Ordinary differential equation (ODE) -based simulation is a popular choice for modeling real-world systems, including metabolic networks, gene regulatory systems and epidemiology (Battogtokh et al. 2002; Yu et al. 2007; Keeling and Rohani 2008). For the model to be representative, an inverse problem needs to be solved: estimating unknown parameters from experimental measurements. While an ODE model can often capture the real-world dynamics, solving the inverse problem is hard, involving considerable amounts of ODE solutions and nonlinear optimization (Battogtokh et al. 2002).
Inference of model parameters is often a nonlinear optimization problem, comparing model predictions with measurements, by way of an objective function, and searching for better fitting model parameters (Figure 1.1). This process requires considerable iterations of producing and evaluating different models. A simplified model of central metabolism involves 32 equations and ~200 parameters and is fit with ~1000 data points. A Markov chain Monte Carlo (MCMC) ( 5.1 ) algorithm (Battogtokh et al. 2002) needs around \(10^7\) ODE solutions. Even with a modern ODE solver (Adaptive Backward Differentiation), it still takes about a week to finish. When the parameter set is stiff, considerably larger, if not impossible, simulation time is needed. Previously, we constructed a program to systematically ignore stiff parameter sets (pearc2019). This reduces the simulation time cost, while at the same time unavoidably introduces biases.
Figure 1.1: Inverse problem diagram.

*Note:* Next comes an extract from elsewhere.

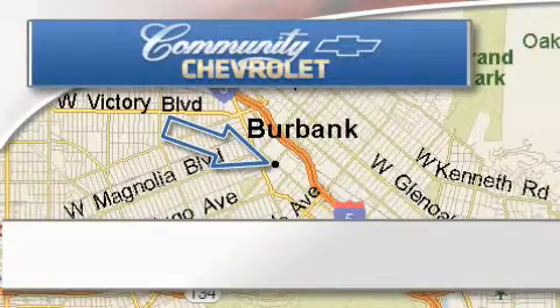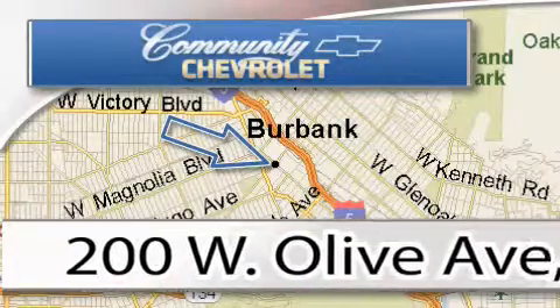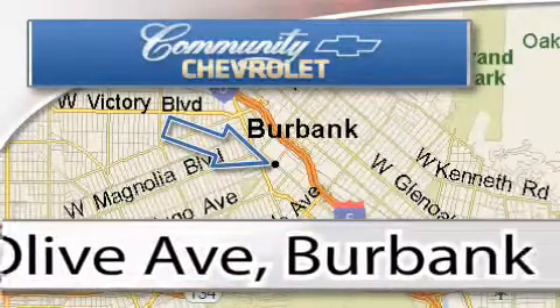Community Chevrolet is located at 200 West Olive Avenue in Burbank. Our goal is to exceed all of your expectations to ensure that you'll return for future visits.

The goal is to find a model (in topology and parameter) that can approximate the unknown generating model. The measurements are produced from an unknown underlying model and random noises are also involved. By comparing predictions with the measurements, the assumed model can be improved. Such comparison are often implemented through an objective function, which evaluates parameters in the assumed model.While ODE solvers have variable time costs, neural networks have near constant cost, which is also often small. There has been success in simulating dynamic systems by neural networks (Breen et al. 2020; Lutter, Ritter, and Peters 2019; Greydanus, Dzamba, and Yosinski 2019), but a high dimensional ODE initial value problem has not been carefully studied yet. In an ODE initial value problem, the input is the parameters of the assumed model and the output is the time dynamics. This is often the inner loop of the inverse problem. In this project, we explored the possibility of replacing ODE solver with trained neural networks to solve initial value problem.
Dynamics (\(Y(t)\)) of an ODE system solely depends on initial conditions (\(Y_{ini}\)), model parameters (\(\theta\)), and time (\(t\)). In both ODE solver and neural network, we can treat the vector \(X=[\theta, Y_{ini}, t]\) as the input and the vector \(Y(t)\) as the output. The solution of such a system by ODE solver can produce pairs \([X, Y(t)]\) as training data.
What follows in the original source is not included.